═══ MATERIAL FOR THIS EXERCISE ═══
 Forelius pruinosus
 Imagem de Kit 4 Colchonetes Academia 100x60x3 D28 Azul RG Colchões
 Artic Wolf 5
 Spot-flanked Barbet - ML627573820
═══
═══ MATERIAL FOR THIS EXERCISE ═══
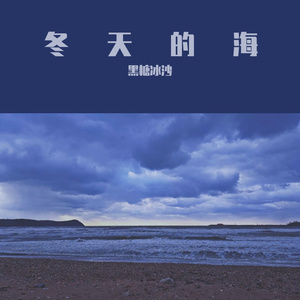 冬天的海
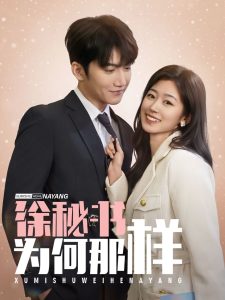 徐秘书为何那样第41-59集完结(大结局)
═══
WORK TASK: Taking the entries above, restate exactly those lines that fall between the line with "Forelius pruinosus" and the line with "Spot-flanked Barbet - ML627573820", keeping both of those lines too.

RESPONSE FOR THIS EXERCISE:
 Forelius pruinosus
 Imagem de Kit 4 Colchonetes Academia 100x60x3 D28 Azul RG Colchões
 Artic Wolf 5
 Spot-flanked Barbet - ML627573820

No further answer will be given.